The idea was to win the ball in central channels and then use Vinícius as an outlet against Barcelona’s backline.
In the example above, we can see how a quick turnaround after an interception results in a clear-cut transition chance. Vinícius and Benzema stay as the highest players on the pitch and more importantly, the former is isolated in a 1v1 foot-race against his marker. Kroos’ ball into space behind puts Real Madrid in a promising situation and this pattern was on repeat for the majority of the game, especially the first half.
One other clear outlet they had was in the form of Benzema. Apart from scoring a spectacular goal, the Frenchman was used as a lay-off option to eject Vinícius as well. Benzema would drop slightly deeper to receive the ball and then use short passes to set up his teammates or execute third-man runs.
The image below is an excellent example of the same thing.
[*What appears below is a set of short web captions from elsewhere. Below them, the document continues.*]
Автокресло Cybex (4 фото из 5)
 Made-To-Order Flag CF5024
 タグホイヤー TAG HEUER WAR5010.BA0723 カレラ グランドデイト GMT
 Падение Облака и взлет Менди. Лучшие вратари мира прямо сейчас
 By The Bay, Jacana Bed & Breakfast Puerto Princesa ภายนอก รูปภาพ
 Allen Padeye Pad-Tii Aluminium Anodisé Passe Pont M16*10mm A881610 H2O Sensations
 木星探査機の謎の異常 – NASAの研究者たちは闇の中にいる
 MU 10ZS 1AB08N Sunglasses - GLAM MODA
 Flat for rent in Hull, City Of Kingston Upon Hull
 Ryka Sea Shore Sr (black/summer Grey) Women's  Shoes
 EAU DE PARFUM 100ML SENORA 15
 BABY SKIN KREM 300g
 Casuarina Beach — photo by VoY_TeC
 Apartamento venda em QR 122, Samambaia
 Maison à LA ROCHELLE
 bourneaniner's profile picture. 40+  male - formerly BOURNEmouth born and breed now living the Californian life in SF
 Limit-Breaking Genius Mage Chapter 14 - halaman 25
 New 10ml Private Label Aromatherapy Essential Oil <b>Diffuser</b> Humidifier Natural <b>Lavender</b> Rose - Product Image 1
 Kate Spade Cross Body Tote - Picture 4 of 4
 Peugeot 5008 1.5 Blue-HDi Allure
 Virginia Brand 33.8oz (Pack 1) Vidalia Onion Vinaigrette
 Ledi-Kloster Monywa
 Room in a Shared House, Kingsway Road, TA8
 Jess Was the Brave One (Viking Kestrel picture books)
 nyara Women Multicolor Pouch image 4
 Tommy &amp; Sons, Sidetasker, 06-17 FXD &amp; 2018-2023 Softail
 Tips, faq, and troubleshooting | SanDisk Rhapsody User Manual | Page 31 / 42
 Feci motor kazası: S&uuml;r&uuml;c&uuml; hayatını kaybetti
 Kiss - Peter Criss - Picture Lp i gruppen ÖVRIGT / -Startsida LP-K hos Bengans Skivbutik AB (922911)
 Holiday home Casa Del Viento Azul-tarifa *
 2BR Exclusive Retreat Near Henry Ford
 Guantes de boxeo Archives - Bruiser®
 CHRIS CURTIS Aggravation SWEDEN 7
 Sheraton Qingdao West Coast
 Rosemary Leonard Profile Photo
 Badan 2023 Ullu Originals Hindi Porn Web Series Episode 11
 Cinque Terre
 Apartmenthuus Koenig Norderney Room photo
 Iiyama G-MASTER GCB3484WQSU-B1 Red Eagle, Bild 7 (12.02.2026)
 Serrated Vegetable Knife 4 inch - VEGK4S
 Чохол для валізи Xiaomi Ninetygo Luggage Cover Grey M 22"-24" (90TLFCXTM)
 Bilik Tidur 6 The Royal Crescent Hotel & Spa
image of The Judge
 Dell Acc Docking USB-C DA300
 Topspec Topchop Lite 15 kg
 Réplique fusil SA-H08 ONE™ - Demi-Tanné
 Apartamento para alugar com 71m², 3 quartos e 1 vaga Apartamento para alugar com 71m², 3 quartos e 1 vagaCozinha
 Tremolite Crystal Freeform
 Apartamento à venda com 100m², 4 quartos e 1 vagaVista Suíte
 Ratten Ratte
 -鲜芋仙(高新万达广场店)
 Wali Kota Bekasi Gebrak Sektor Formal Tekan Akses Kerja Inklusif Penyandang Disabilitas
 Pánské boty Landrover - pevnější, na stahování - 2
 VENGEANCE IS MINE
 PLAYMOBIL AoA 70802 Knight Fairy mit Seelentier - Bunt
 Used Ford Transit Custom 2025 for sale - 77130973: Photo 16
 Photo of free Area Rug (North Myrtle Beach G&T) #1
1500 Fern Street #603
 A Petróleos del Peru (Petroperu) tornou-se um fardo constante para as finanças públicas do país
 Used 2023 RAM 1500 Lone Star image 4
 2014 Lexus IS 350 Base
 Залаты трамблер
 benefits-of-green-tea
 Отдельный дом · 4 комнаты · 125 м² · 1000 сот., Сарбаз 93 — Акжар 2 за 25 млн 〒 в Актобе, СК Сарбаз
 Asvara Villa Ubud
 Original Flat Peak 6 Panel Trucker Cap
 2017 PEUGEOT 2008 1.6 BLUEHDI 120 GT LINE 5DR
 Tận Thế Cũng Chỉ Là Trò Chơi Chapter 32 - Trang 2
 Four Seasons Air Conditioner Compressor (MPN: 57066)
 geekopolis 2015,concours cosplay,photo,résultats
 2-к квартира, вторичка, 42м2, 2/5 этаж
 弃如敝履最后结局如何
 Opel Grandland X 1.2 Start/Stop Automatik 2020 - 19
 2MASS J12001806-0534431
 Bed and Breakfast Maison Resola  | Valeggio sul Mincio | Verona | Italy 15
Modrić finds the Frenchman from the deep and all Benzema does here is lay the ball off back to the Croat. But that is enough to first attract Barcelona’s backline and make them push up, leaving space behind their backs to be exploited by Vinícius.
The young Brazilian bursts forward and Modrić uses his extraordinary vision to find his run higher up. The key here is to achieve that isolation and put their forwards in 1v1 duels against the backline. Whenever they managed to do that, Los Blancos were extremely dangerous and we can see it from the stats as well as they had 14 counter-attacks on the night with four ending with a shot.
It has to be noted as well that Barcelona’s counter-pressing was also lacking, which was directly responsible for the first goal. Let’s dissect it a bit more below.
Barcelona lose possession in the final third of the pitch but their counter-press is very disjointed and leaves too much space for Real Madrid. Notice how De Jong is overloaded in the middle and Vázquez’s movement drags Alba away, opening space for Valverde to step into.
With only Pedri and De Jong pressing and Busquets late to arrive from the deep, Real Madrid have no issues playing out of the counter-press, ending the play with an impressive backheel goal by Benzema.
Second half changes
Despite a very shaky start, Koeman made some good changes in the second half, almost enough to salvage a point on the night. Antoine Griezmann replaced Dest and Barcelona shifted to their more traditional 4-3-3 formation with Messi as the false nine.
This system mostly utilised a two-man backline in possession, creating a diamond in midfield and ensuring numerical superiority in the second as well as the first phase of play. The centre-back duo was enough to overload Benzema while Messi at the tip of the diamond created a superiority over Real Madrid’s midfield trident.
But it’s also important to note how Griezmann and Dembélé are now pinning the full-backs, forcing them deeper and thus limiting Real Madrid’s transitional options. With superiority in the middle and width on the flanks, Barcelona were now far more dangerous while also improving their rest defence.
The following image will also show us how the newly introduced system aimed to do that by plugging the holes behind the wingers. Whereas before, Barcelona’s wingbacks would leave acres of space for Real Madrid to attack into, now with wingers there instead and full-backs covering behind, it was difficult for Los Blancos to get out of their half so efficiently.
Barcelona managed to create good chances and even rattled the frame of the goal in the final moments of the game. However, the inability to take their chances was a huge aspect of the clash and ended up costing them dearly.
The season-defining El Clásico fully delivered with sublime goals, interesting tactical concepts and inevitable controversy. With that win and a double over Barcelona, Real Madrid are now firmly back in the race for the title. Their Catalan rivals, on the other hand, will now have to depend on others to falter if they are to sit back on the Spanish throne.
We’re in for a fiery finale of this season’s La Liga.